How do you limit amp output from an alternator?

Discussion in 'Off Grid Living' started by Duck, Jun 18, 2014.

  1. Duck

    Duck Monkey

    Like if I wanted to make a 12 volt generator with a 100 amp capability but wanted to be able to turn it down to limit it's output to 30 amps for charging two deep cycle batteries (15 amps each).

    Two deep cycles will draw as much as you give them (theoretically). Ideal rate of charge is typically 10-15% of it's amp hour rating. 100 amp hours, give it 10-15 amps. Two 80 amp hour batteries in a parallel bank, ... give 'em 16-24 amps.

    So if I want to build a generator for charging those batteries, I'll want to be able to reduce the amount of amps they receive so I'm not feeding them 70-100 amps or so.

    How is that done?
  2. melbo

    melbo Hunter Gatherer Administrator Founding Member

    I'm not equipped to answer your question but can tell you that my Outback charge controller will push 80 amps to my (4x 6Volt) battery bank if it's depleted and my panels are in full sun. This is during what they call 'bulk mode' and then it begins to scale back as the voltage rises. I think my charger runs at bulk, absorb and then float but this is all set by the voltages targets from my battery manufactures data sheet.

    I guess I was under the impression that watching voltage was more critical than the amps your pushing in in a battery bank setup. Of corse, for me, this is all automated.

    @BTPost @ghrit
    mechstdr likes this.
  3. ghrit

    ghrit Bad company Administrator Founding Member

    First things first: You need to know the mfrs design charge rates and the voltage wanted to satisfy that. A common voltage regulator (basically a relay with a resistor lashed up to limit the generator output voltage. Every automotive generator or alternator has such a gizmo.) Controlling the voltage differential between the generator voltage and residual battery voltage will control the amperage.

    If you want to do it manually, a variable resistor and an ammeter is all you need.
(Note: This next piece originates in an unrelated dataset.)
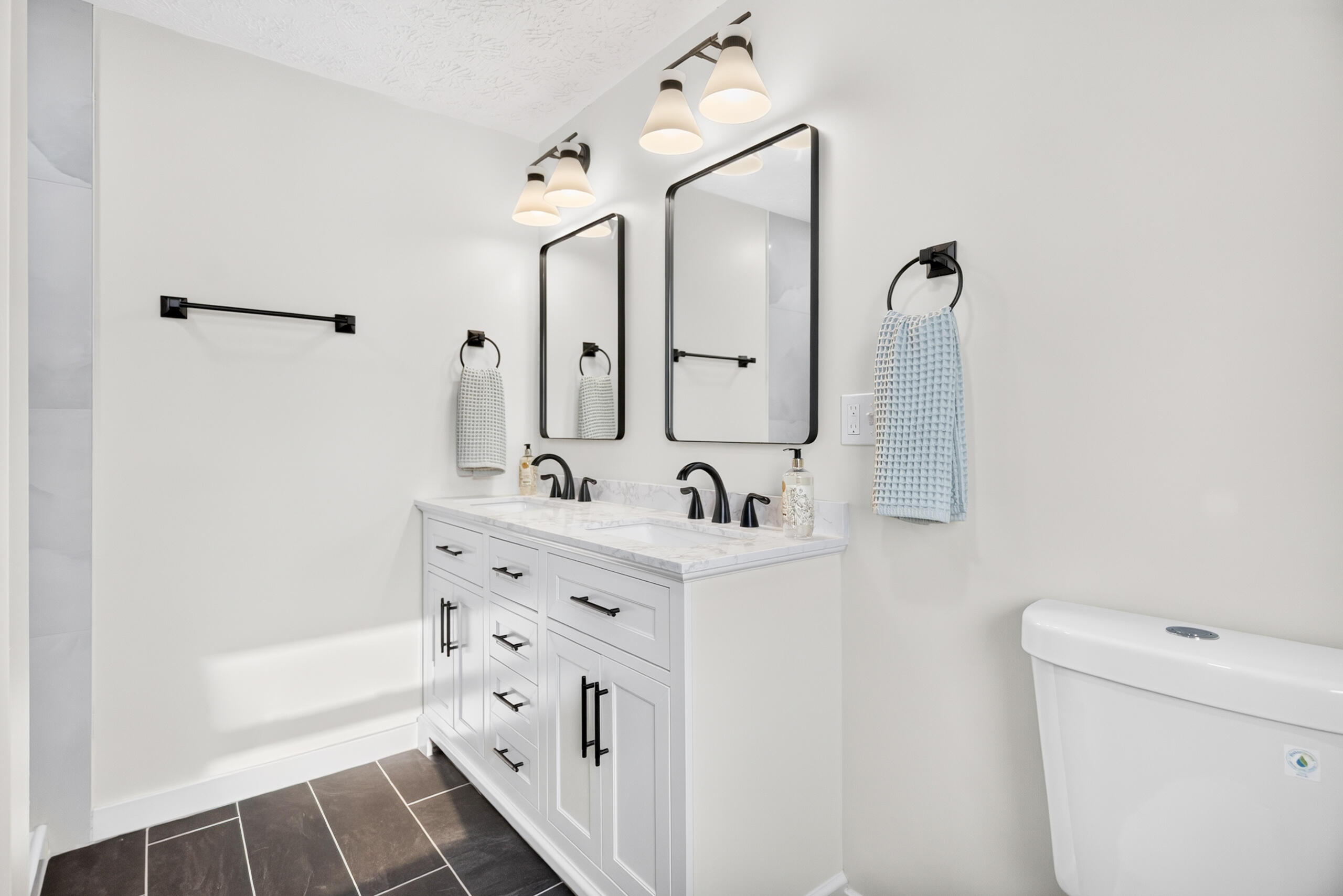 13567 Mccartyville, Anna, Ohio 45302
However, you are unlikely to want to sit at the resistor and watch the meter.

    Mo' bettah says me is to get your hands on a charge controller set up to charge the batteries the way the mfrs recommend. There are several charging schemes in common use depending on the type of battery. For examples, consider the common auto battery. High discharge rates, but very intermittent, takes one scheme. Then consider industrial batts that come in several different constructions (and design charging schemes) depending on use. I can't give you much more info without knowing the design parameters of your batteries.

    Bear in mind that the batteries you use have to be balanced, meaning that they are close to the same initial voltage, or one will tend to hog the amps you are sending. In some cases, one will try to charge the other if there is a significant difference, and there will be no control on the voltage difference, hence there could be damaging amps flowing between them.
    mechstdr, Pax Mentis, oldawg and 2 others like this.
  4. BTPost

    BTPost Stumpy Old Fart,Deadman Walking, Snow Monkey Moderator

    In Three State Charging, you set the three different SetPoints by Voltage, and Temp, of the BATTERY...
    in Bulk you pump as many Amps as you can into the Battery, until one of two things happen.
    1. Battery Temp exceeds 70F
    2. Battery Voltage exceeds Battery Type SetPoint.
    Either one sends the Charge Mode to Absorb Mode.
    In Absorb Mode, the Voltage is held constant, and the Amps tapper off, u,ntil all the PBSO4 has been reduced back to PB and H2SO4, and the Specific Gravity of the Electrolyte is that of H2SO4. Then the Charge Mode dumps to Float Mode.
    Float Mode the Voltage is held Constant at the Manufacture's recommended Float Voltage, + whatever
    the Static Battery Load is.

    This is the BEST Charging System ever invented for ReChargeable Batteries.
  5. melbo

    melbo Hunter Gatherer Administrator Founding Member

    Can you tell us more about the generator you're going to build?
  6. BTPost

    BTPost Stumpy Old Fart,Deadman Walking, Snow Monkey Moderator

    Very few Car Alternators will actually Output 100 Amps, for any length of time, and the ones that will, are very expensive. Car Alternators are notoriously inefficient, and subject to Overheating, easily, should you try to get their Rated Output for any Length of time. Marine Alternators are usually better choices. West marine makes some really Good Alternator/Regulator Setups.
    mechstdr and Dunerunner like this.
  7. Tevin

    Tevin Monkey+++

    First off, some clarification: Per Ohm's Law, a battery, or ANY load for that matter, will not "draw as much as you give them". They will draw as much as they need according to their internal resistance and the voltage applied. This is why the current to a battery goes down as the battery charges.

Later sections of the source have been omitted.